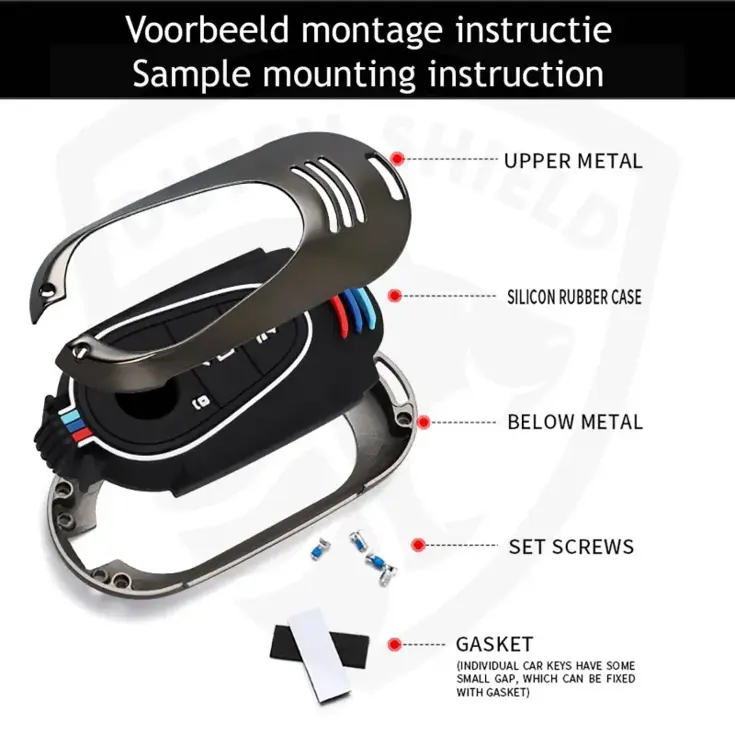 Metalen Sleutelhoesje voor Mercedes grijs C3
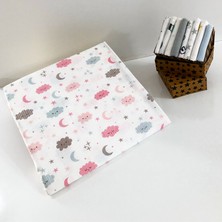 Baby of City %100 Pamuk Müslin Bezi Battaniyesi Bebek Battaniyesi Örtü 80x100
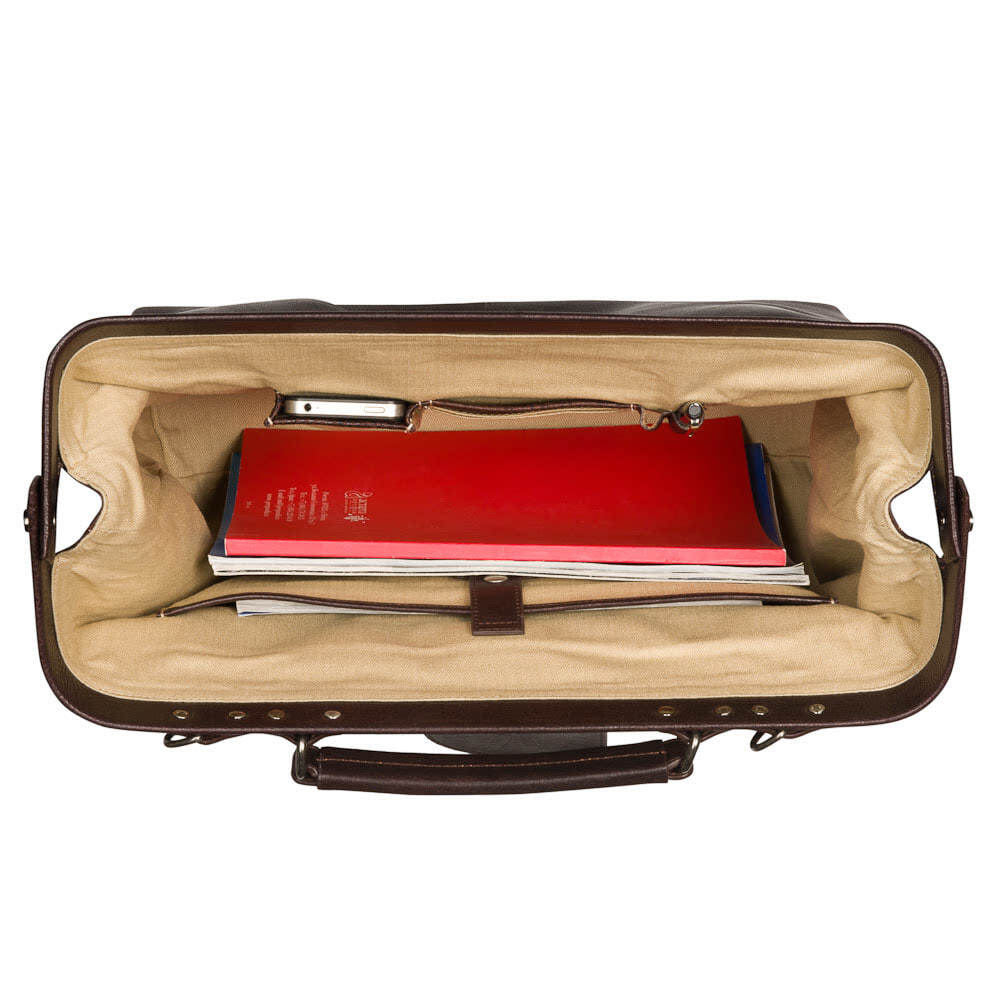 Сумка дорожная саквояж Dr.Koffer из натуральной кожи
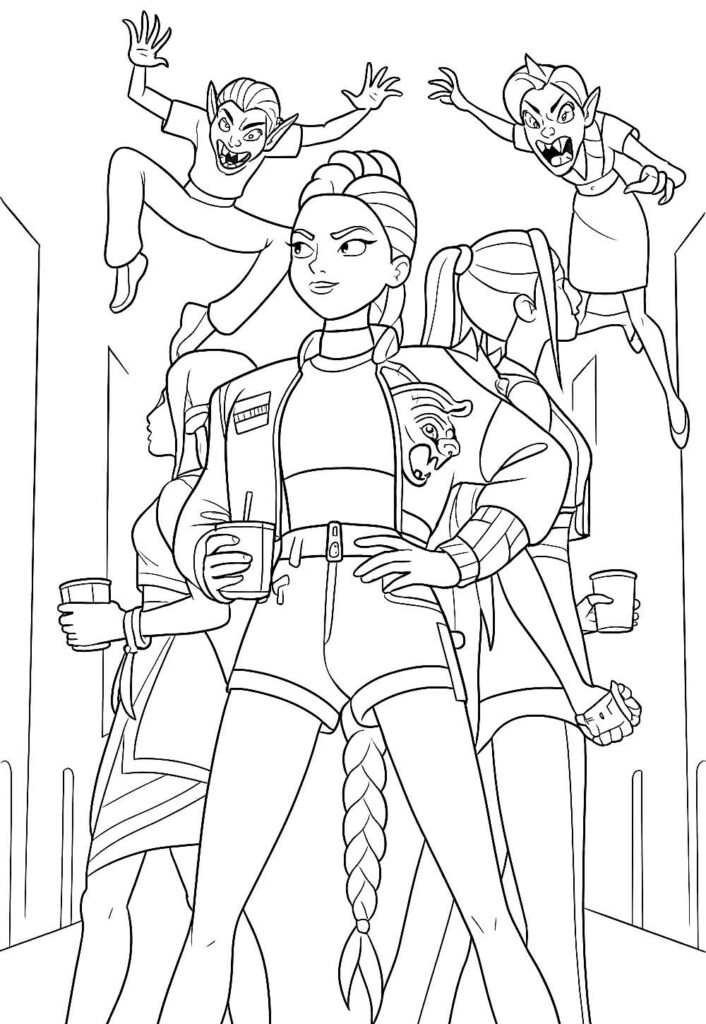 Desenho das Guerreiras do K-Pop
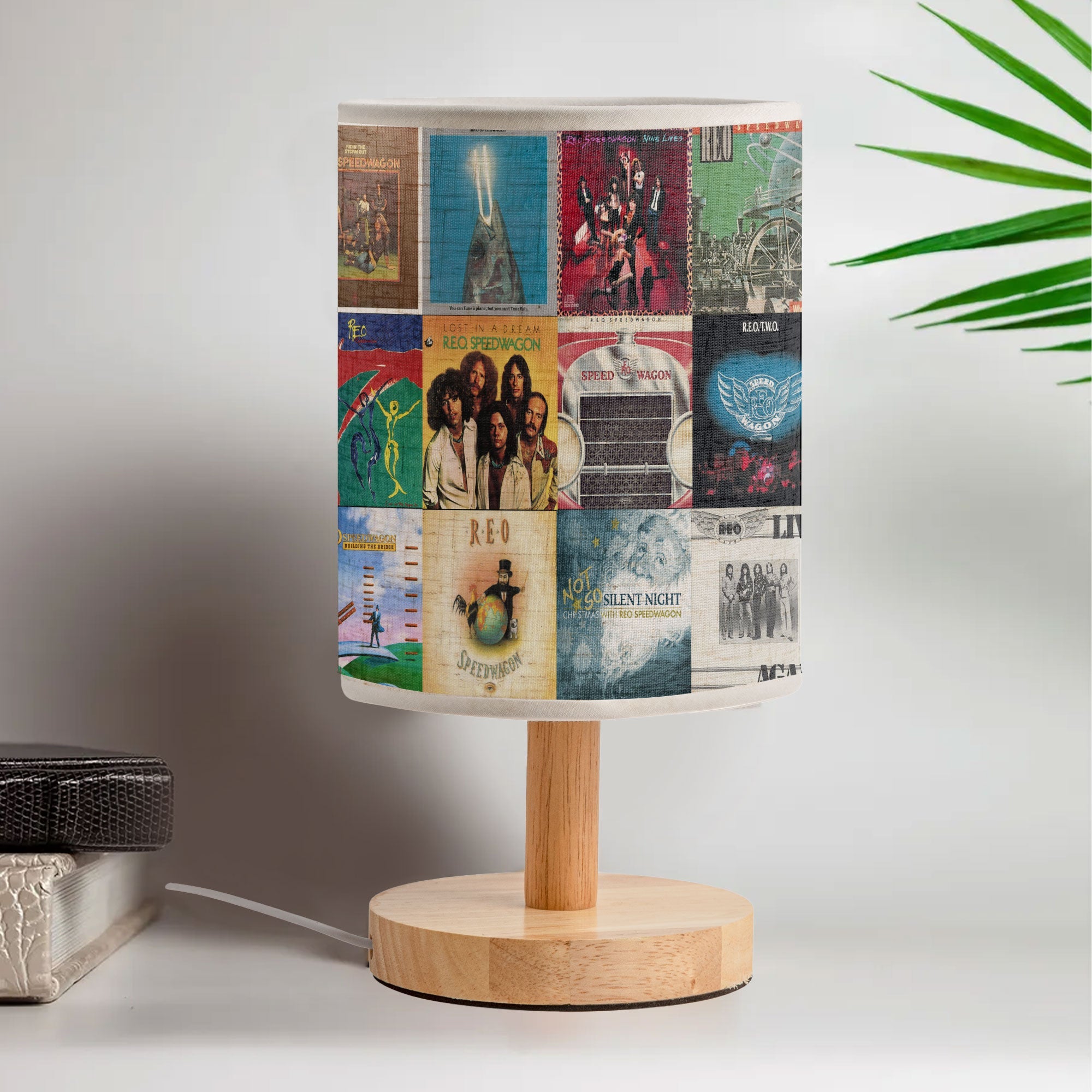 REO Speedwagon Album Art Fabric Lamp Rock Classics Collection ⚡
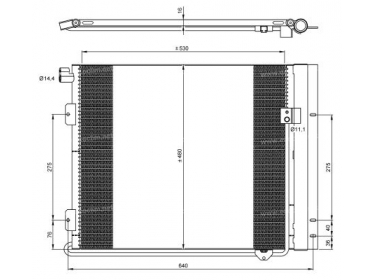 Serpentin Condensador OEM  |  | 0837.3004 - 35933 - 8FC351029371 - 940179 - AC126000P - MN5072D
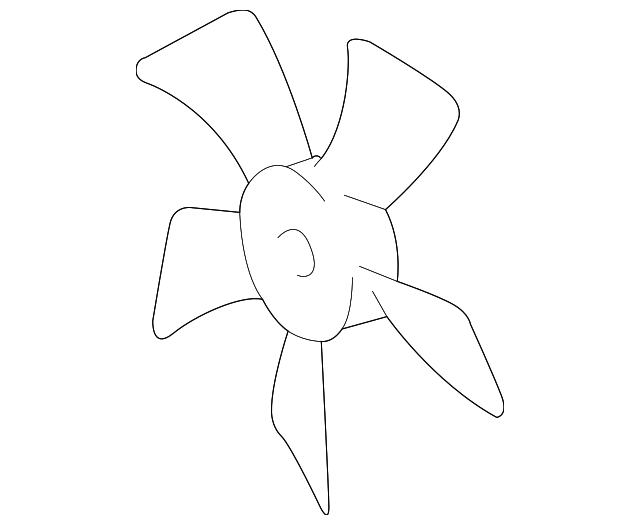 16361-20070 Деталь FAN BLADE, LEFT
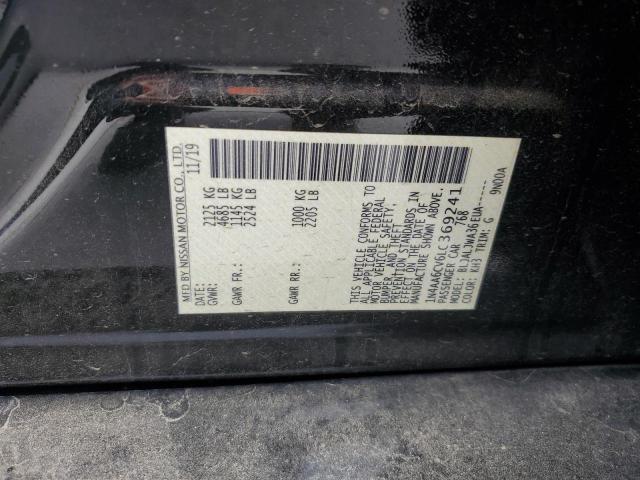 2020 NISSAN MAXIMA SV 1N4AA6CV6LC369241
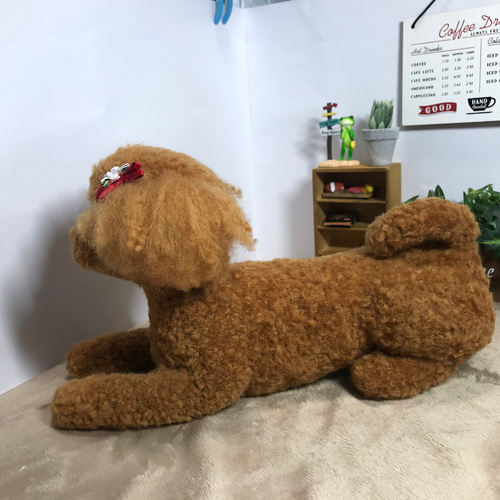 ★ハンドメイド★ いっしょにおでかけ トイプードル ぬいぐるみ レッド ☆ハンドメイド☆ いっしょにおでかけ ほろ トイプードル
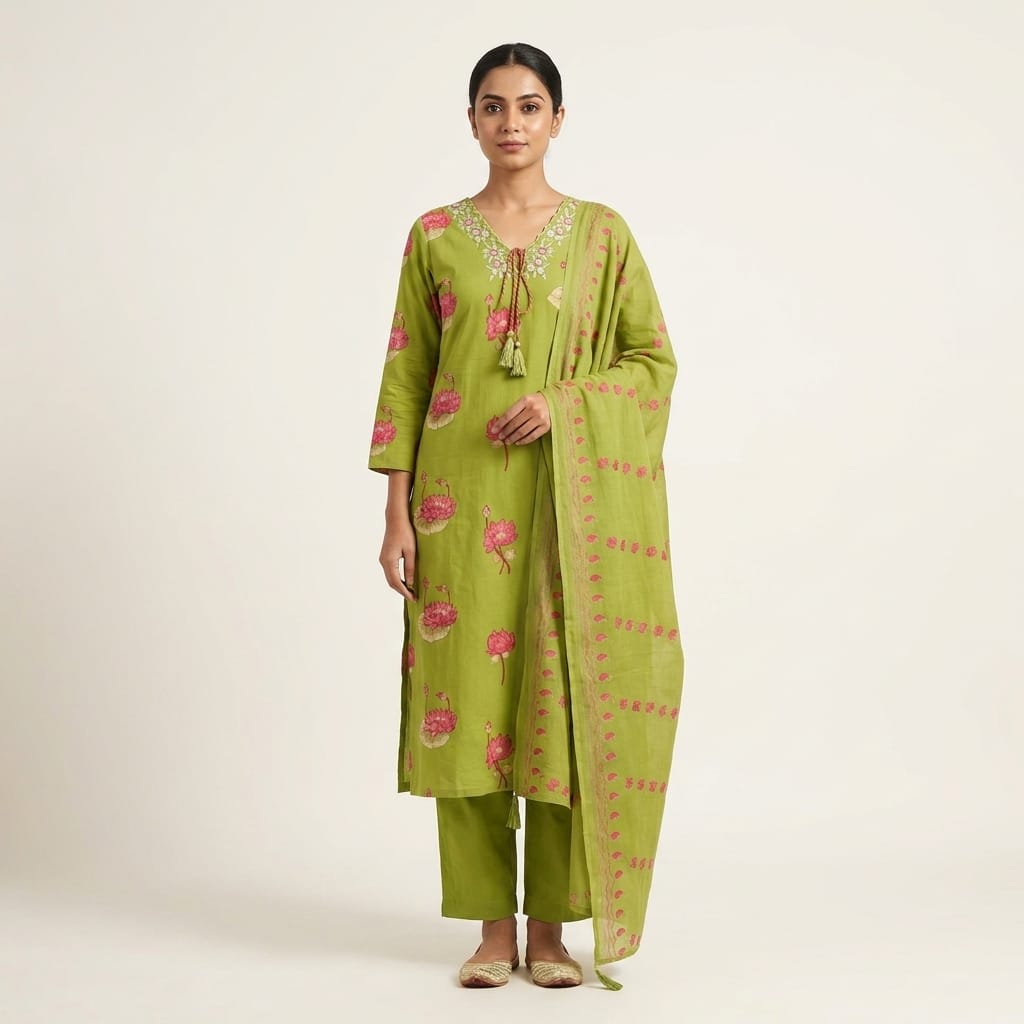 Green Cotton Salwar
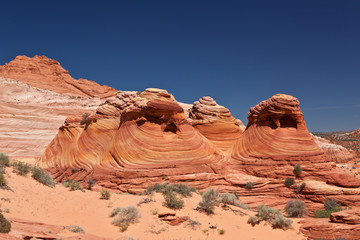 USA - coyote buttes - the wave formation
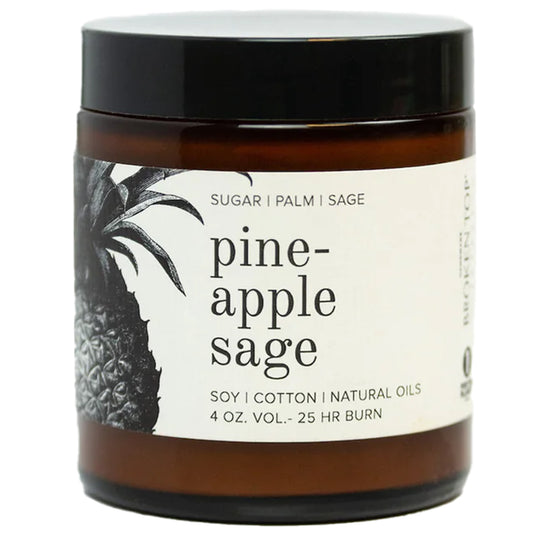 Broken Top Pineapple Sage Soy Candle - 4 oz.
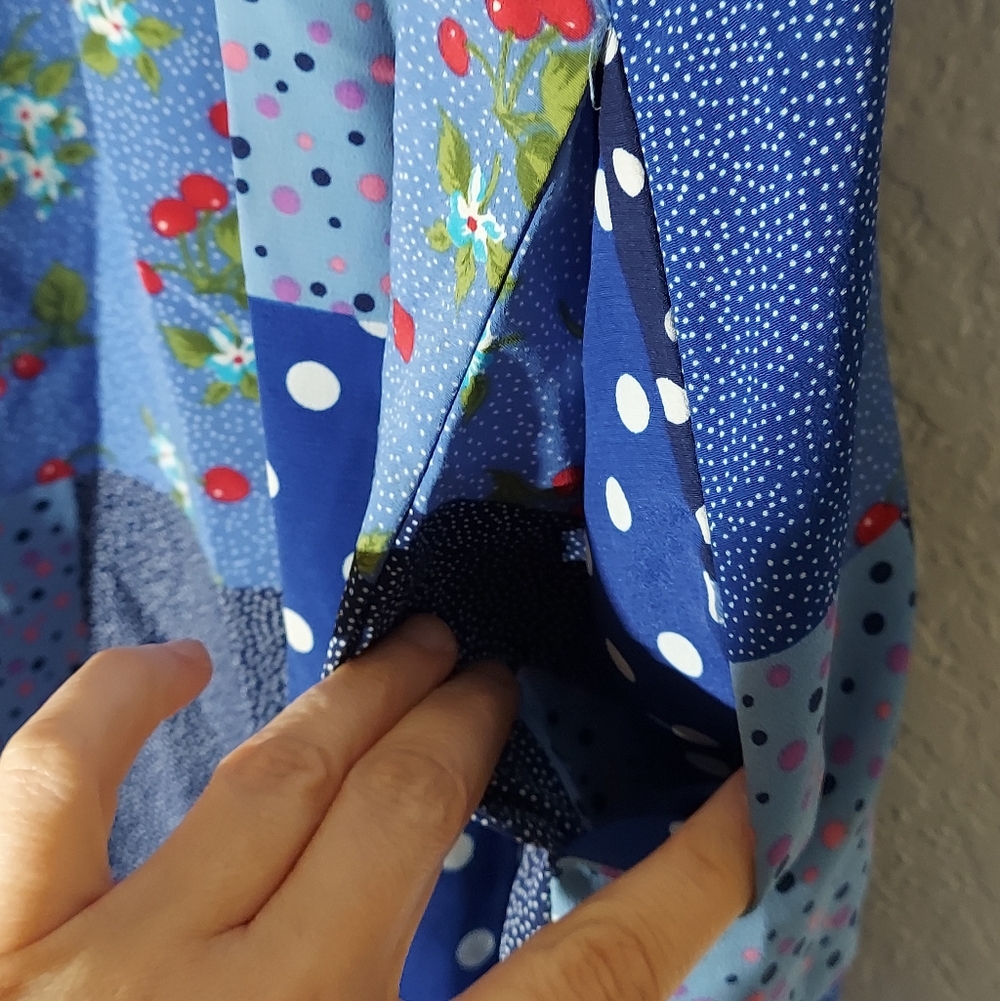 Lisa Maru Honolulu Vintage Multicolor Floral Patchwork Maxi Dress WM Size 3XL - Picture 5 of 15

-------------------------

**Instructions to follow**.
Copy out the data exactly and keep the pictures out.

**Expected answer**.
 Metalen Sleutelhoesje voor Mercedes grijs C3
 Baby of City %100 Pamuk Müslin Bezi Battaniyesi Bebek Battaniyesi Örtü 80x100
 Сумка дорожная саквояж Dr.Koffer из натуральной кожи
 Desenho das Guerreiras do K-Pop
 REO Speedwagon Album Art Fabric Lamp Rock Classics Collection ⚡
 Serpentin Condensador OEM  |  | 0837.3004 - 35933 - 8FC351029371 - 940179 - AC126000P - MN5072D
 16361-20070 Деталь FAN BLADE, LEFT
 2020 NISSAN MAXIMA SV 1N4AA6CV6LC369241
 ★ハンドメイド★ いっしょにおでかけ トイプードル ぬいぐるみ レッド ☆ハンドメイド☆ いっしょにおでかけ ほろ トイプードル
 Green Cotton Salwar
 USA - coyote buttes - the wave formation
 Broken Top Pineapple Sage Soy Candle - 4 oz.
 Lisa Maru Honolulu Vintage Multicolor Floral Patchwork Maxi Dress WM Size 3XL - Picture 5 of 15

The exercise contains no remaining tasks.